ジャケットには明確にwith ERIC DOLPHYと記載されているので、ネルソンとしても狙い通りだったのかも知れない。ネルソンの水平振幅、ドルフィーの垂直振幅。それぞれのアドリブがぶつかることなく交差して展開されていく。まさしくStraight Ahead。ひたむきな二人の演奏に酔いしれるのだ。ところで、本作録音の1週間前、1961年2月22日、ドルフィーはアビー・リンカーンのセッションに参加し、そのアルバムは本作と同名のStraight Aheadとなった。それぞれのタイトル曲Straight Aheadは、ネルソン、ならびにリンカーン自身による作品である。

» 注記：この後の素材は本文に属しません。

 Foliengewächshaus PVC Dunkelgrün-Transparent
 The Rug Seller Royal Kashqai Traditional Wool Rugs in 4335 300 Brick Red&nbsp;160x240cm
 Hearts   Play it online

真っ正面を向いていたジャズの時代。

1. Images
2. Six And Four
3. Mama Lou
4. Ralph's New Blues
5. Straight Ahead
6. 111-44

Oliver Nelson - alto saxophone (tracks 1-3,5,6), tenor saxophone (tracks 3,4), clarinet (track 4)
Eric Dolphy - alto saxophone (tracks 2,3,5), bass clarinet (tracks 1,4,6), flute (track 3)
Richard Wyands - piano
George Duvivier - bass
Roy Haynes - drums

Recorded on March 1, 1961 at Rudy Van Gelder Studio, Englewood Cliffs, New Jersey.

Oliver Nelson / The Blues And The Abstract Truth

油井正一氏のLPライナーノーツから抜粋。「ブルースの真実(本アルバムの邦題)は、12小節ブルースベッタリのアルバムではない。ブルースを核として、パーカー以降のジャズの発展段階のすべてが(このあと60年代を支配することになったフリージャズの要素までもが)盛りこまれた総決算になっているところが重要なのである」。

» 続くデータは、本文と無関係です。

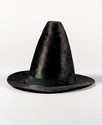 Lot 277 - A Welsh hat, late 19th century, of black silk...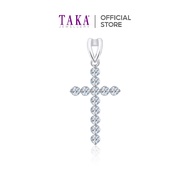 TAKA Jewellery Lab Grown Diamond Pendant Cross 10K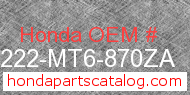Honda 64222-MT6-870ZA genuine part number image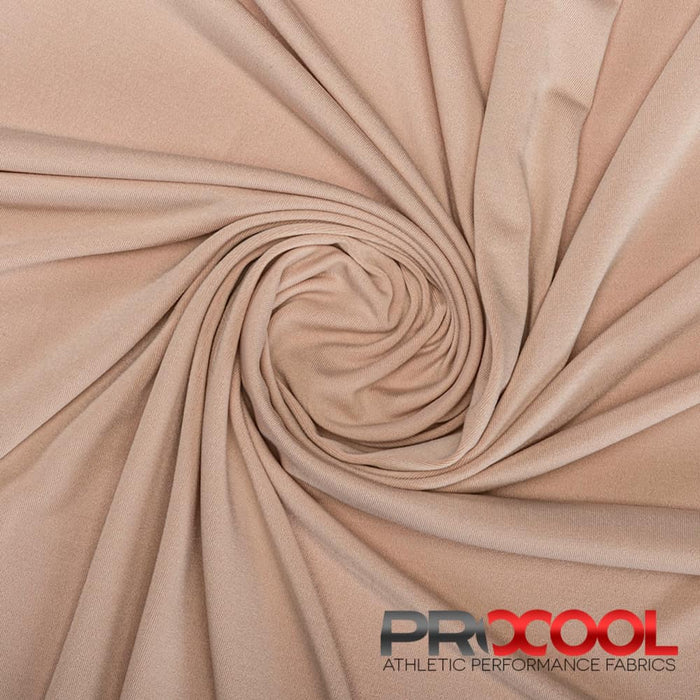 Stay dry and confident in our ProCool FoodSAFE® Medium Weight 360° Stretch Fabric (W-342) with Child Safe in Nude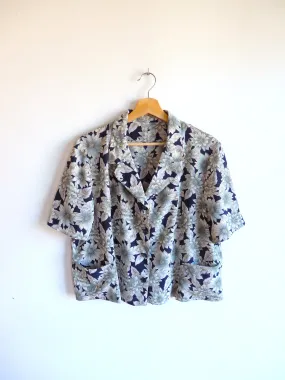 Camisa Vintage Hortensia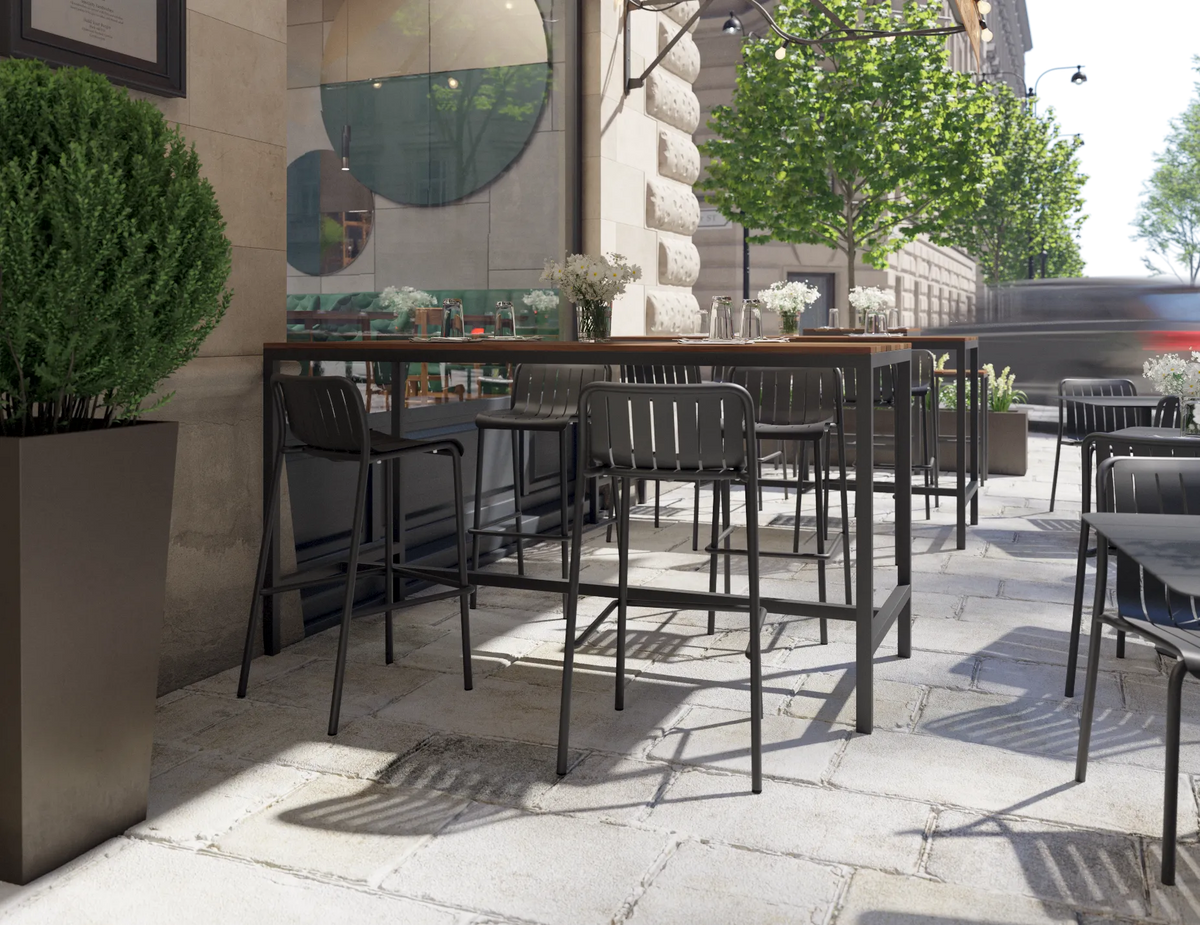 Kyenne 180 x 81cm Outdoor Bar Table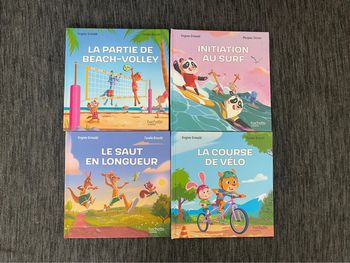 Lot de 4 livres Esprit sportif - Virginie Grimaldi - Hachette jeunesse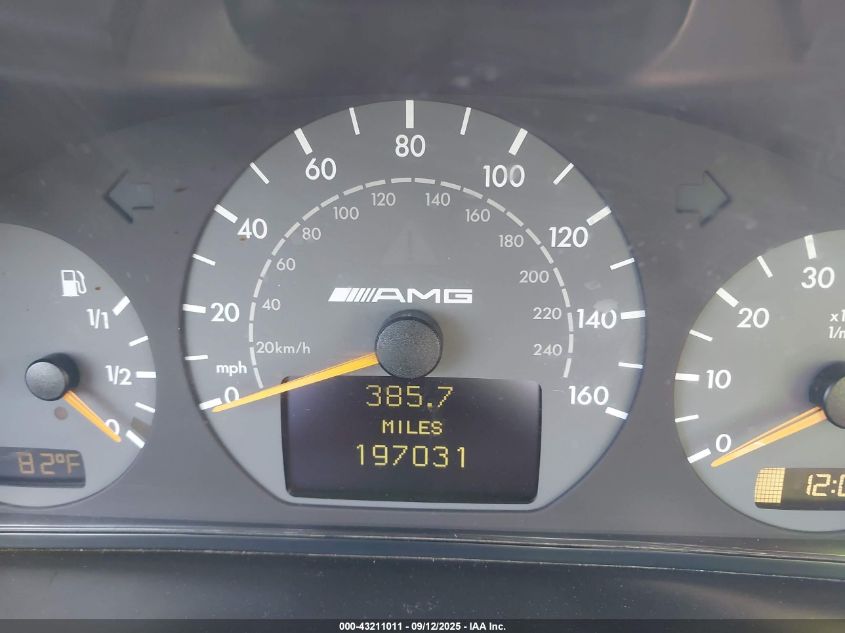 2001 Mercedes-Benz E 55 Amg VIN: WDBJF74J01B226140 Lot: 43211011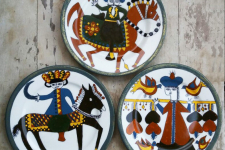 Art for Desserts | Hand Painted Wall Plate (Set of 3) - Kutahya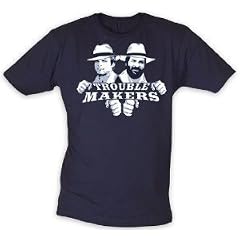 Trouble Makers T-Shirt Bud Spencer & Terence Hill Troublemakers Gr��e L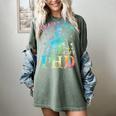 PhD Graduation Dead Inside But i Got My PhD Tie Dye Funny Women's Comfort Colors T-Shirt Berry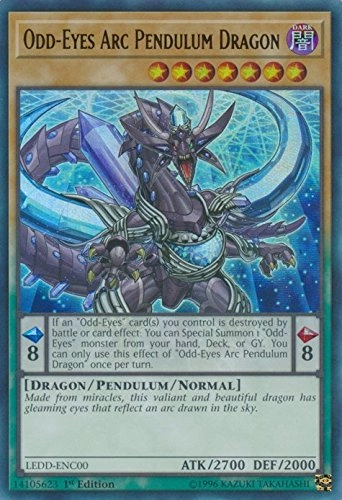 Odd-Eyes Arc Pendulum Dragon - LEDD-ENC00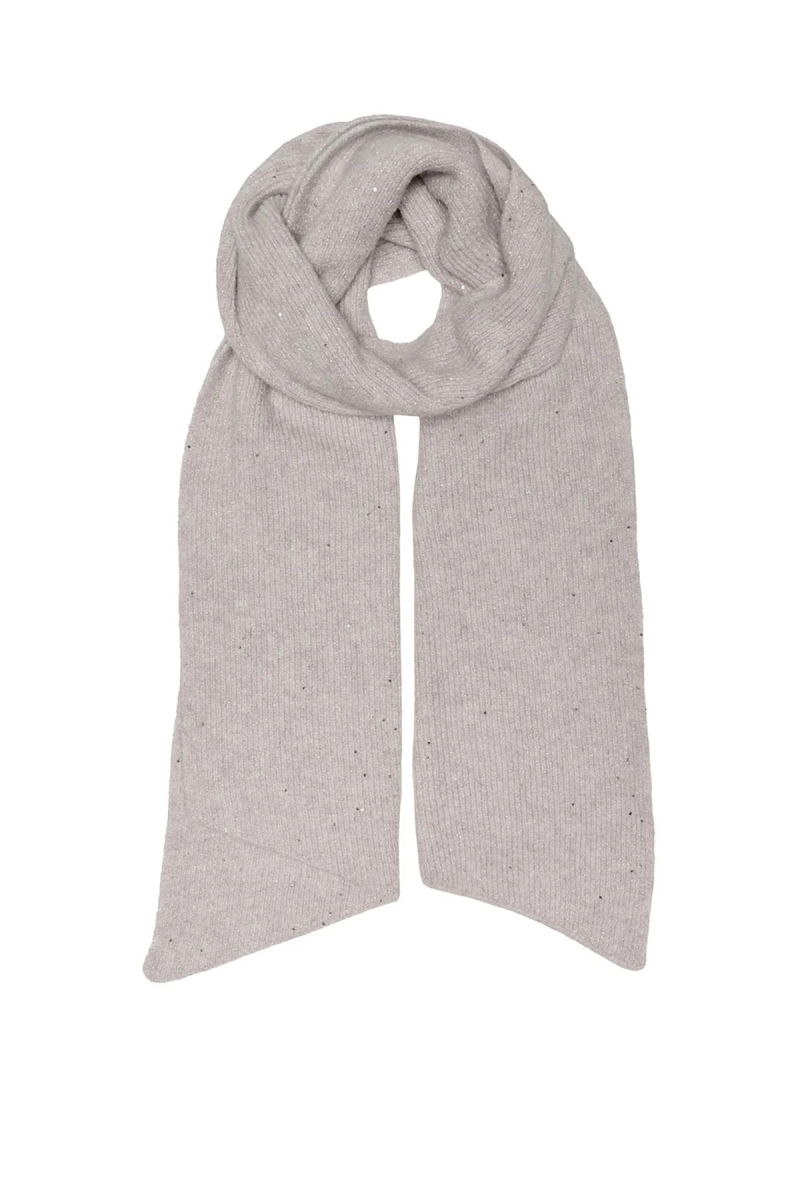 Only Kadın Onlsola Simli ve Pul Detaylı Yün Atkı 15349813 Taş - Only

こう書かれてしまったら、自分は何も書くことがない。少しだけ補足させてもらうならば、ジャズをある程度聴き込んだ人にしか、このアルバムの価値は分からないということだ。なぜなら、油井氏が述べているように「総決算」なのだから。つまり、ある期間の決着を付けることと言い換えれば、年代を追って聴くことが必要となる。決着を付けたメンバーが凄い。

CDのジャケットはLPと異なる・・・と思ったが、CDとLP、国内盤と輸入盤に関係なく、2種類のジャケットがあることが判明。何故、こんなことになってしまったのか。ジャケットに関しては、決着が付いていない。

1. Stolen Moments
2. Hoe-Down
3. Cascades
4. Yearnin'
5. Butch And Butch
6. Teenie's Blues

Oliver Nelson - alto saxophone, tenor saxophone
Eric Dolphy - flute, alto saxophone
George Barrow - baritone saxophone
Freddie Hubbard - trumpet
Bill Evans - piano
Paul Chambers - bass
Roy Haynes - drums

Recorded on February 23, 1961 at Rudy Van Gelder Studio, Englewood Cliffs, New Jersey.

Oliver Nelson / Screamin' The Blues

タイトル通りブルース一色のアルバム。2曲目のMarch On, March On以外はオリバー・ネルソンの作品。それでも飽きが来ないのは、ネルソンの見事なアレンジとエリック・ドルフィーの参加。用意周到されたアレンジの中で、ネルソンを含めた各メンバーはアドリブを展開。しかし、ドルフィーだけは、そのアレンジを突き破るかのようなエッジを利かせる。

圧巻は最終曲Alto-Itis。ネルソンとドルフィーがそれぞれアルトサックスを持ち、まさしく一騎打ちなのだが、闘いは5分弱で終わってしまう。続きは翌年2月に録音された名盤『ブルースの真実』に持ち込まれた。

1. Screamin' The Blues
2. March On, March On
3. The Drive
4. The Meetin'
5. Three Seconds
6. Alto-Itis

Oliver Nelson - tenor saxophone, alto saxophone
Eric Dolphy - bass clarinet, alto saxophone
Richard Williams - trumpet
Richard Wyands - piano
George Duvivier - bass
Roy Haynes - drums

Recorded on May 27, 1960 at Rudy Van Gelder Studio, Englewood Cliffs, New Jersey.